This year I want more beauty-I realize it's a fallback position; first choice would have been World Peace or hover cars never crash and run on sunlight, but since those aren't available presently, something I CAN have is more beauty- But what is this beauty and how to we experience it?
We hear it's in the eye of the beholder, but I'd say just as much its in your ear, possibly your finger tips, too. Like when I hear beautiful music, folk, classic, birds singing, a baby's laugh - that's all it. And you can arrange this by buying stuff, finding it through Google or Wikipedia, asking to babysit, petting the cat. So that noise kind of beauty and touch kind of beauty is available to all.

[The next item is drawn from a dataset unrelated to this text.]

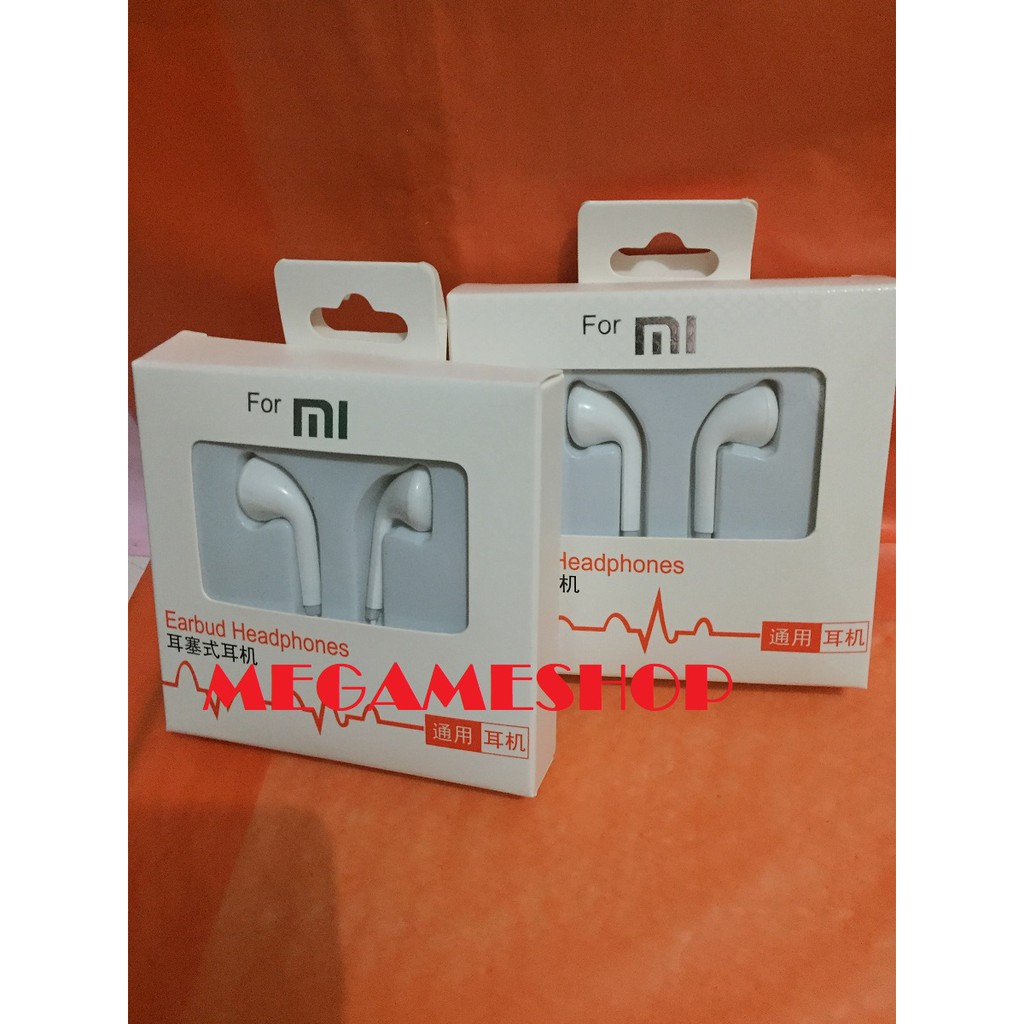 Edisi Hot Promo Casan Xiaomi 2.1 LED Original Asli Gratis Headset Xiaomi_MGM27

For visual beauty, I'd take a walk to an art museum, though here and now it would have to be an art gallery since the Petaluma Art Museum of the future isn't here yet. Sonoma countryside is so gorgeous just after spring rains when the grass is emerald and the sky starkly clear. Even white thunderheads are gorgeous. And there is the miraculous photography of locals Scott Hess, Murry Rockowitz and the fine collections at Barry Singer Gallery, to name a few beauties. I'd add the River view from the new benches.

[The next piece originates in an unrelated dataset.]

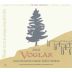 Peter Dipoli Voglar Sauvignon Blanc 2003 Front Label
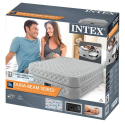 Intex 64490 Supreme Air Flow tweepersoons luchtbed 152x203x51cm Keuze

Another big question connects to this experience of beauty. A big question that's been poking its way through my brain and over the airwaves this last week is who am I and what am I doing here? One of my favorite questions in life, I sometimes ask a friend or tolerant acquaintance. It's a puzzle I love. Tried that line on follow Argus blogger, our illustrious Cyberspaceman, Bill Hammerman, at Meet the Bloggers party in the Argus lobby, and he thought I might be referring to memory loss-
According to self-proclaimed skeptic, Frederick Crews, interviewed this week on Michael Krasny's Forum show on KQED FM, we may not be who we think we are! Our sense of self may just be an illusion according to Crews, who's done a study on this. Crews is a professor emeritus of English at UC-Berkeley and is the author of The Pooh Perplex, Skeptical Engagements and The Memory Wars. His latest book is Follies of the Wise: Dissenting Essays. "The self may be a complete illusion, but it may be the most important illusion we have," says Crews. "I rather doubt the location of the soul is going to be found".
Earlier this week, an NPR Radio Lab show guy said Einstein began to tell us we act before we think-you reach for a cup of coffee before you decide to. According to Petaluma's Peter Dunlap, Ph.D., that's just physiology over psychology. Saw Peter this week in Deaf Dog downtown where many curious, entertaining and sometimes enlightening conversations happen.
State of consciousness: this week we read people in Seattle don't get SADS; aren't very affected by rain because they have so much of it-hmmm-
Tis' a puzzlement
We are SO VERY FREE
We get to be ourselves
Have our voices published,
Our blogs, our plays, our poems
Our mind and synchronisms,
In searching of love and home and
Friendly ones and grand meaning-
And then we hear that free choice may not be real?
Physics guys tell us Einstein said our body
Acts before it chooses;
We may be sipping a chai latte in one universe
And a Coca Cola in another - simultaneously-
Is this, then the Elegant Universe?
So Who Are You And What Are You Doing Here?